Splitting GPU resources can happens on a block-level concurrently with other tasks, or also be shared in the time-domain with time-slices between HyperLanes. Priority can be given to HyperLanes, such as prioritizing graphics over a possible background AI task using the remaining free resources.
The security advantages of such a technology also seem advanced, with the company use-cases such as isolation for protected content and rights management.
An interesting application of the technology is the synergy it allows between an A-Series GPU and the company’s in-house neural network accelerator IP. It would be able to share AI workloads between the two IP blocks, with the GPU for example handling the more programmable layers of a model while still taking advantage of the NNA’s efficiency for the fixed function fully connected layer processing.
Three Dozen Other Microarchitectural Improvements
The A-Series comes with other numerous microarchitectural advancements that are said to be advantageous to the GPU IP.
One such existing feature is the integration of a small dedicated CPU (which we understand to be RISC-V based) acting as a firmware processor, handling GPU management tasks that in other architectures might be still be handled by drivers on the host system CPU. The firmware processor approach is said to achieve more performant and efficient handling of various housekeeping tasks such as debugging, data logging, GPIO handling and even DVFS algorithms. In contrast as an example, DVFS for Arm Mali GPUs for example is still handled by the kernel GPU driver on the host CPUs.
An interesting new development feature that is enabled by profiling the GPU’s hardware counters through the firmware processor is creating tile heatmaps of execution resources used. This seems relatively banal, but isn’t something that’s readily available for software developers and could be extremely useful in terms of quick debugging and optimizations of 3D workloads thanks to a more visual approach.
PPA Projections - Significant, If Delivered
Moving on, the A-Series improvements don’t mean much if we can’t put them into context in the competitive landscape.
As mentioned in the introduction, Imagination seem aware of the current PPA deficit that GPU vendor IP offers versus custom designs by more vertically integrated SoC vendors.
Starting off with a comparison between current generation Qualcomm GPU against an Arm GPU. Imagination didn’t specifically mention which designs we’re talking about here, but we do clearly see from the die shots that the SoCs being compared are the Snapdragon 855 and the Exynos 9820.
Here Imagination describes that for a similar performance level, Arm’s Mali GPUs are using ~184% the silicon area compared to Qualcomm’s Adreno implementation.
I do have some doubts about the validity of the comparison being made here, as these SoCs were not made on the same process node – Qualcomm's design is built on TSMC's denser 7nm process, while Samsung's Exynos uses their larger 8nm process. With that in mind, we take the metrics presented with a huge grain of salt as Imagination does say the figures are based on analysis of multiple Arm IP implementations rather than a single data-point.
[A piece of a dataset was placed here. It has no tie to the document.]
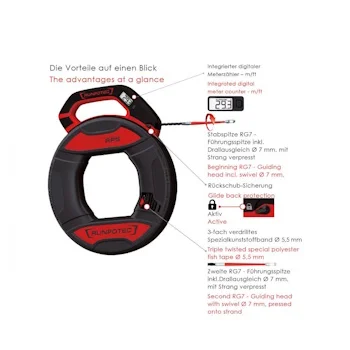 Runpotec RP5 Poliester sajla Ø5.5mm-30m sa digitalnim meračem 10203 Runpotec RP5 Poliester sajla Ø5.5mm-30m sa digitalnim meračem 10203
Projecting the A-Series against a current Mali-G76 implementation, targeting a performance level equivalent to current generation flagship implementations (~100fps in Manhattan 3.0), an A-Series GPU would achieve a significantly smaller GPU implementation requiring much less die area. The comparison implementation here would be an AXT-16-512 implementation running at slightly lower than nominal clock and voltage (in order to match the performance).
If a customer were to choose to use more die area to go wider and slower in clock (more efficient), while still maintaining an estimated area that would be smaller than a Mali GPU, it would roughly achieve a 75% performance advantage. The comparison here would be an AXT-32-1024 running quite far below nominal, giving it a large power efficiency advantage.
Of course, Imagination’s comparison here were made against the current generation Qualcomm and Arm GPUs, which aren't what it'll actually be competing against. Instead, by the time A-series SoCs ship, it will be competing against the next-generation Adreno as well as Mali-G77. We know Arm’s promised goals for the G77 and the improvements in performance per mm² and performance perf/W is around 1.2-1.4x, which we could generalize to 1.3x. Samsung’s upcoming Exynos 990 only promises a 20% performance increase, which is slightly below this projection. On the Qualcomm side and the upcoming Adreno generation, we’ll have to wait a few more days to be able to talk about details, but generally we expect improvements in the same ballpark.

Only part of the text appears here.